Tuesday February 12, 2019. 12:30 PM , from Ars Technica
Enlarge / A used lithium-ion electric vehicle battery sits at the 4R Energy Corporation Namie factory in Namie Town, Fukushima Prefecture, Japan, on Monday, Mar. 26, 2018. (credit: Akio Kon/Bloomberg via Getty Images)
Bloomberg New Energy Finance predicts that there will be 559 million electric vehicles on the road by 2040. But electric vehicles don't last forever. And their batteries are not always filled with the kinds of materials you would want leaching into the environment if they're disposed of haphazardly. Policy makers and researchers have started considering how to deal with end-of-life on electric batteries, and recycling is often considered as an option.
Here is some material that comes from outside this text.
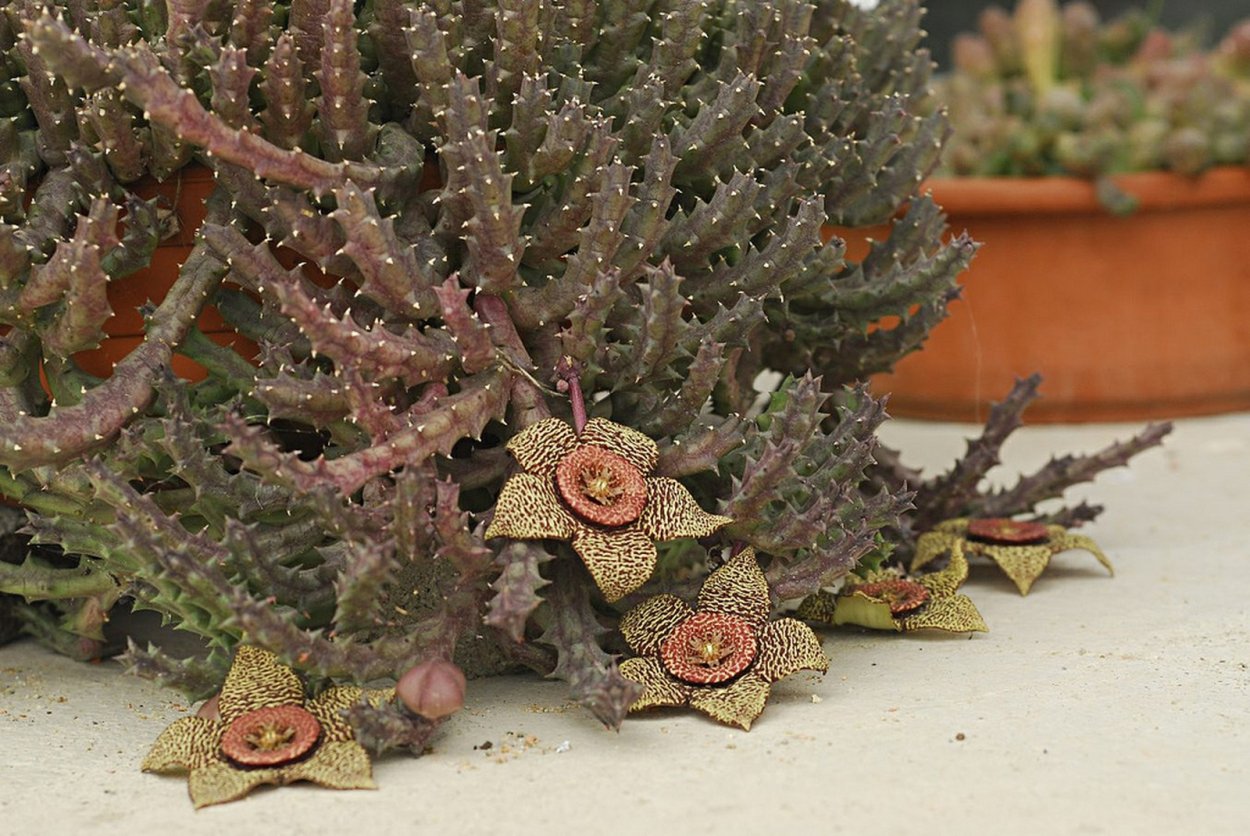 Суккулент Orbea semitubiflora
Researchers from Carnegie Mellon University published a paper in Nature Sustainability this week that looks at the emissions and economic costs associated with recycling automotive batteries. They specifically addressed batteries with three types of cathode chemistry: nickel manganese cobalt oxide (NMC), nickel cobalt aluminum oxide (NCA), and iron phosphate (LFP). The first two cathode chemistries are common in passenger vehicles, and LFP is common in buses (bus maker BYD uses LFP batteries, for example).
Since the packaging of batteries is important to the recycling method, cylindrical batteries (the types of cells that Tesla makes) are compared to pouch cell batteries in the analysis.